I agree with your final answer but am a bit puzzled over the numbers at the start of the last line. Elaborating on my original question- I imagine that in an entanglement experiment with the singlet state, the measurement of spin #1 is made at some unknown angle $\phi$ wrt to the orientation of your first equation.
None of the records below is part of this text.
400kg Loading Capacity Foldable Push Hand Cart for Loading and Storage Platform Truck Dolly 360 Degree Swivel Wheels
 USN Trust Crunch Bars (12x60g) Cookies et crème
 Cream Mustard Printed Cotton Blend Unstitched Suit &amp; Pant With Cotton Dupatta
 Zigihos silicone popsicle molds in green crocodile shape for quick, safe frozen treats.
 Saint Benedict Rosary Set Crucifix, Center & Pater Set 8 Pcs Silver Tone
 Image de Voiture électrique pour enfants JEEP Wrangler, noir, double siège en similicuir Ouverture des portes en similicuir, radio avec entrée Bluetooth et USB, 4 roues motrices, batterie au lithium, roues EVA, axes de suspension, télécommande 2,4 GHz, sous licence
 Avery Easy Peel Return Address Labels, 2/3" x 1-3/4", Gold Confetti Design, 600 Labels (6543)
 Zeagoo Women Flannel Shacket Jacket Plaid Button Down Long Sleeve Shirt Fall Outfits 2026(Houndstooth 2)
In this case the spin operator $\sigma_1$ along that axis is (I hope!)
$$ \sigma_1 = cos(\phi) \sigma_{z} + sin(\phi)\sigma_{x}$$
$$ =\begin{pmatrix}
cos(\phi)&sin(\phi)\\
sin(\phi)&-cos(\phi)
\end{pmatrix}$$
Measurement #2 is made at angle ($\phi+\theta$) , $\theta$ controlled by the experimenter, so $$ \sigma_2 =
\begin{pmatrix}
cos(\phi+\theta)&sin(\phi+\theta)\\
sin(\phi+\theta)&-cos(\phi+theta)
\end{pmatrix}$$

Then doing a page of algebra to evaluate $\langle\sigma_1\sigma_2\rangle$ I get (with $|\psi\rangle= (|ud\rangle-|du\rangle )/\sqrt2$)$$\langle\psi| \sigma_1\sigma_2|\psi\rangle = -cos(\theta)$$
Independent of $\phi$, this is what I would have expected from measurement comparisons with the Bell theorem that I've read about .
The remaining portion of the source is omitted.